The default directory is the first folder Jupyter loads into when it starts up. We can view the full path by loading the operating system package.

In [None]:
import os
print(os.path.abspath(os.curdir)) # print the current directory
print(os.listdir()) # print all files and folders in the current directory

We can import (pre-installed) Python libraries, or import our own Python files and functions.

In [None]:
from utils import func1  # import the function func1 from our helpers file

# which functions are visible?

In [None]:
from utils import *  # import all functions from our helpers file

# which functions are visible?

In [None]:
import utils # import our helpers file as a package

# which functions are visible?

## 3 Basic data types
Here is an overview of the most used data types in Python, both for elements and sequences. For more information, see [built-in types documentation](https://docs.python.org/3/library/stdtypes.html).

### 3.1 Built-in types

In [None]:
a = 5 # int
b = 5.0 # float
c = 3e-7 # float (scientific notation)
d = "5.0" # string
e = 1 + 1j * 5 # complex number
f = 2

print(type(a), type(b), type(c), type(d), type(e))

In [None]:
# operations with ints produce ints, otherwise result is float
print(type(a + a))
print(type(a + b))
print(type(a * b))
print(type(d + d))

In [None]:
print(a / f) # division
print(a // f) # floor division
print(a % f) # modulo
print(a ** f) # power 

In [None]:
# verify data types of variables
print(isinstance(a, int))
print(isinstance(a, float))

In [None]:
bool1 = True; bool2 = False # boolean

print(type(bool1))
print(bool1 and bool2) # both values are True
print(bool1 or bool2) # one of the values is True
print(not bool1) # opposite of value

In [None]:
print(5 > 5) # strictly greater
print(5 >= 5) # greater or equal
print(5 < 5) # strictly lower
print(5 <= 5) # lower or equal
print(5 == 5) # equal
print(5 != 5) # not equal

### 3.2 Data structures

In [None]:
list1 = [1, 2, 3, 4]; list2 = [5, 6, 7, 8] # list

print(type(list1))
print(list1)
print(list1 + list2) # concatenate lists
print(len(list1 + list2)) # size of a list

In [None]:
print(list1[0]) # first element
print(list1[-2]) # second to last element

In [None]:
# slicing with a:b includes all elements including a but excluding b
print(list1[1:2])
print(list1[:2])
print(list1[2:])
print(list1[2:-1])

In [None]:
# verify presence of an element in a list
print(2 in list1)
print(25 in list1)

In [None]:
# dictionary
dict1 = {
    "a" : 1,
    "b" : 2,
}

print(type(dict1))

In [None]:
dict1["a"] = 4 # change the value associated with the key "a" to 4
dict1["d"] = 5 # change the value associated with the key "d" to 5
print(dict1)

In [None]:
print(list(dict1.keys())) # all keys as a list
print(list(dict1.values())) # all values as a list
print(dict1.items()) # all pairs key-value 

## 4. Loops and conditionals
We show some basic loop and conditional statements in Python.
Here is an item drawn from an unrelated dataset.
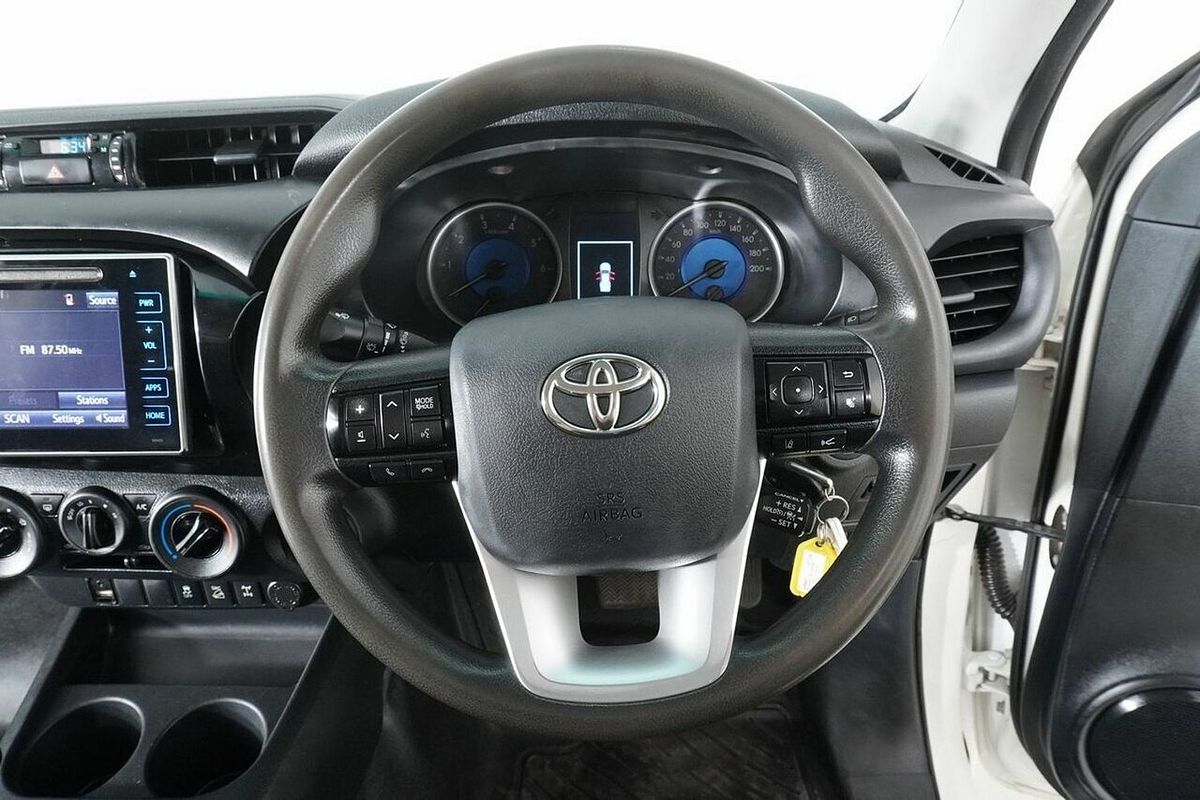 2020 Toyota Hilux SR (4x4) GUN126R Facelift 4X4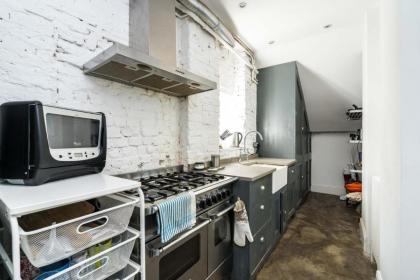 Fantastic 3 Bedroom Flat West Hampstead - image 5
For more information, see the [compound statements documentation](https://docs.python.org/3/reference/compound_stmts.html#).

In [None]:
# if/elseif/else statement (test multiple conditions)
criterion1 = True;
criterion2 = False;
if criterion1:
    print("Criterion 1 is true.\n")
elif criterion2:
    print("Criterion 2 is true.\n")
else:
    ("Criteria 1 and 2 are false.\n")

In [None]:
# for loop (stop after a number of iterations)
for idx in range(5, 25, 5):
    print(idx)

In [None]:
for key, val in dict1.items():
    print("Key: " + str(key) + " Value: " + str(val))

In [None]:
for idx_value, value in enumerate(['My', 'name', 'is', 'Anthony', 'Coache']):
    print("Value: " + value + " with index " + str(idx_value))

In [None]:
number_en = ['one', 'two', 'three', 'four']
number_fr = ['un', 'deux', 'trois', 'quatre']
number = [1, 2, 3, 4]

for num_en, num_fr, num in zip(number_en, number_fr, number):
    print(f"{num}: '{num_en}' in English, '{num_fr}' in French")

In [None]:
# while loop (stop after a certain condition)
import numpy as np
idx = 0
while idx < 3:
    idx = idx + np.random.rand()
    print("The random number is now " + str(np.round(idx,3)))

## 5. NumPy library

NumPy is a fundamental package for scientific computing in Python. It provides
- a multidimensional array object;
- various derived objects, such as matrices;
- an assortment of routines for fast operations on arrays;
- basic statistical operations;
- random simulation engines;
- and much more.

For more information on this library, see the [NumPy documentation](https://numpy.org/).

In [None]:
import numpy as np # we refer to numpy with the prefix "np."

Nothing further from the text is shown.